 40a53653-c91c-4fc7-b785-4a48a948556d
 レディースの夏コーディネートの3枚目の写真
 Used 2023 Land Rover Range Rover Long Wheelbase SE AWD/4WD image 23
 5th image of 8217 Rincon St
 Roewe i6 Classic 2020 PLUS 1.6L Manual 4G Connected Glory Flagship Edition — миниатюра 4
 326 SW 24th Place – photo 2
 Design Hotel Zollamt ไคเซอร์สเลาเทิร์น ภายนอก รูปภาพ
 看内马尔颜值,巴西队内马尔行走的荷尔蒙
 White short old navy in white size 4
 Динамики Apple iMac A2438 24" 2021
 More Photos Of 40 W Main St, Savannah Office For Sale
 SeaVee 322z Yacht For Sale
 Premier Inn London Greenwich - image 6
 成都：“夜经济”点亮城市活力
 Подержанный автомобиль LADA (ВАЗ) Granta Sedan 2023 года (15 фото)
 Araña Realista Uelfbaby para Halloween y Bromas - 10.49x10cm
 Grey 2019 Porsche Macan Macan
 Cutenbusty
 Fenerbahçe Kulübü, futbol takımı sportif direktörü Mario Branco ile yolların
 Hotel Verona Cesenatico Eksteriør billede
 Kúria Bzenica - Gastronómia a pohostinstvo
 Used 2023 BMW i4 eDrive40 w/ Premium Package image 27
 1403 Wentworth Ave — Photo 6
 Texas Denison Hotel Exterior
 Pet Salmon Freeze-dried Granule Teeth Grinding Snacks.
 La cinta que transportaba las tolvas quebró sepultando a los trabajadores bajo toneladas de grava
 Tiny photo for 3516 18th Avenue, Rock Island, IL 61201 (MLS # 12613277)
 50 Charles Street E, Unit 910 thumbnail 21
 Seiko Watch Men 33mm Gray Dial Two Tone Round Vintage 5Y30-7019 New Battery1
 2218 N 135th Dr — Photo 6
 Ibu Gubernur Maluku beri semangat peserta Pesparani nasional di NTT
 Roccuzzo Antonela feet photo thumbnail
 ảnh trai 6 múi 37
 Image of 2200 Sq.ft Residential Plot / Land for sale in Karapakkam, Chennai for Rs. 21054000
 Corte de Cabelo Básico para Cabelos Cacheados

━━━━━━━━━━━━━━━━━━━━

▶ _WORK REQUEST_
The entries above are to be retyped exactly, with nothing left out.

▶ _REPLY TO THE TASK_
 40a53653-c91c-4fc7-b785-4a48a948556d
 レディースの夏コーディネートの3枚目の写真
 Used 2023 Land Rover Range Rover Long Wheelbase SE AWD/4WD image 23
 5th image of 8217 Rincon St
 Roewe i6 Classic 2020 PLUS 1.6L Manual 4G Connected Glory Flagship Edition — миниатюра 4
 326 SW 24th Place – photo 2
 Design Hotel Zollamt ไคเซอร์สเลาเทิร์น ภายนอก รูปภาพ
 看内马尔颜值,巴西队内马尔行走的荷尔蒙
 White short old navy in white size 4
 Динамики Apple iMac A2438 24" 2021
 More Photos Of 40 W Main St, Savannah Office For Sale
 SeaVee 322z Yacht For Sale
 Premier Inn London Greenwich - image 6
 成都：“夜经济”点亮城市活力
 Подержанный автомобиль LADA (ВАЗ) Granta Sedan 2023 года (15 фото)
 Araña Realista Uelfbaby para Halloween y Bromas - 10.49x10cm
 Grey 2019 Porsche Macan Macan
 Cutenbusty
 Fenerbahçe Kulübü, futbol takımı sportif direktörü Mario Branco ile yolların
 Hotel Verona Cesenatico Eksteriør billede
 Kúria Bzenica - Gastronómia a pohostinstvo
 Used 2023 BMW i4 eDrive40 w/ Premium Package image 27
 1403 Wentworth Ave — Photo 6
 Texas Denison Hotel Exterior
 Pet Salmon Freeze-dried Granule Teeth Grinding Snacks.
 La cinta que transportaba las tolvas quebró sepultando a los trabajadores bajo toneladas de grava
 Tiny photo for 3516 18th Avenue, Rock Island, IL 61201 (MLS # 12613277)
 50 Charles Street E, Unit 910 thumbnail 21
 Seiko Watch Men 33mm Gray Dial Two Tone Round Vintage 5Y30-7019 New Battery1
 2218 N 135th Dr — Photo 6
 Ibu Gubernur Maluku beri semangat peserta Pesparani nasional di NTT
 Roccuzzo Antonela feet photo thumbnail
 ảnh trai 6 múi 37
 Image of 2200 Sq.ft Residential Plot / Land for sale in Karapakkam, Chennai for Rs. 21054000
 Corte de Cabelo Básico para Cabelos Cacheados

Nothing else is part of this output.